Dans cette promenade, mon statut de photographe passionné faisait de moi le réceptacle de toutes les attentions. J’avais l’impression que chacun de mes acolytes d’un jour faisait le guet pour repérer les sujets potentiellement ''photogéniques''. L’intention était amicale et fort louable, mais peu productive sur le plan esthétique. En effet, une ''bonne'' photo n’est jamais la reproduction sur papier ou sur écran d’une petite anecdote de vie truculente, drôle ou tendre. Le petit oiseau qui faisait tanguer la branche n’avait strictement aucun intérêt sur le plan visuel. Quant à l’enfant au visage avenant, je n’avais qu’une envie : qu’il sorte de mon cadre car j’espérais y voir arriver un cycliste qui s’intégrerait parfaitement dans la géométrie de ma composition. Et pour parler franchement de la ''fameuse fleur rouge'', elle représentait pour moi le non sujet absolu : elle était là, ni joliment fanée, ni resplendissante de vigueur ; elle stagnait dans un entre-deux parfaitement insignifiant. Dans sa banalité elle essayait d’émerger dans un espace sans charme, sans volume, sans lumière, sans ligne, ni courbes ou autres perspectives. Bref, à moins de vouloir en faire une photo d’identité pour mettre sur une pochette de semis, je ne voyais pas en quoi cette fleur pouvait attirer le regard d’un photographe…
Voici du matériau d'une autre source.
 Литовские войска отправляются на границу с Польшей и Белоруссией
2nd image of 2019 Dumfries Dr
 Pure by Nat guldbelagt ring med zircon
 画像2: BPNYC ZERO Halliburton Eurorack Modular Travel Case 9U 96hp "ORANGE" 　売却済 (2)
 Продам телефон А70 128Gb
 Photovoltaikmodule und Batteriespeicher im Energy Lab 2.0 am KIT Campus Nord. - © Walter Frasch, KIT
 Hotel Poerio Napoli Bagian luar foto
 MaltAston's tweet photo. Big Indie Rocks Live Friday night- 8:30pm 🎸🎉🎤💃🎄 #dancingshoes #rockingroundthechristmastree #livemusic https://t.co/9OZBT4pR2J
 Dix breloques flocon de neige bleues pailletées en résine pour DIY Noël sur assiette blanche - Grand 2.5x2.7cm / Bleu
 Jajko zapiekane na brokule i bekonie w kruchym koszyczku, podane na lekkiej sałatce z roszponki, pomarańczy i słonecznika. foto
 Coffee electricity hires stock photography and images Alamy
En prenant ces exemples, je ne cherche pas à établir une hiérarchie de sujets photographiques, ni à définir ce qui est un ''bon'' ou ''mauvais'' sujet. Dans le cadre d’un album familial la photo de l’oiseau, du gamin et de la rose auraient sans doute plus de succès que certaines de mes photos (notamment les vues floues et sombres…). Là n’est pas la question. Les photos souvenirs ne sont souvent qu’un support pour raconter des anecdotes et faire revivre des instants passés. C’est là une des fonctions de base de la photographie et je la respecte tout à fait. Non ce qui m’étonne toujours c’est qu’un public parfaitement néophyte dans un art puisse en toute bonne foi émettre des choix esthétiques définitifs et penser qu’une ''bonne'' photographie n’est que la reproduction mécanique d’une belle ''chose'' ou d’un ''bon'' moment.
Comme toute approche esthétique, la photo nécessite un certain recul, une dose de culture, une touche de talent, une part de technique, un zeste d’expérience et une volonté de subjectivité.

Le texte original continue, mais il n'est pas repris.